REQUIRED ACTION: Could you set down exactly the lines of the data below, starting at the one that holds "фото thumb №2, Кришка" and ending at the one that holds "Kẻ Giết Anh Hùng Chapter 138 - Trang 3", both included, and only those?

GIVEN DATA:
---+---

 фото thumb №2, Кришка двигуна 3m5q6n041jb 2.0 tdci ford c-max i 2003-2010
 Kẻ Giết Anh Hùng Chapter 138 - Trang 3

---+---

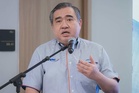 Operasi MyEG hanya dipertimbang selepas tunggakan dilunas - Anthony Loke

---+---

RESULT FOR THIS EXERCISE:
 фото thumb №2, Кришка двигуна 3m5q6n041jb 2.0 tdci ford c-max i 2003-2010
 Kẻ Giết Anh Hùng Chapter 138 - Trang 3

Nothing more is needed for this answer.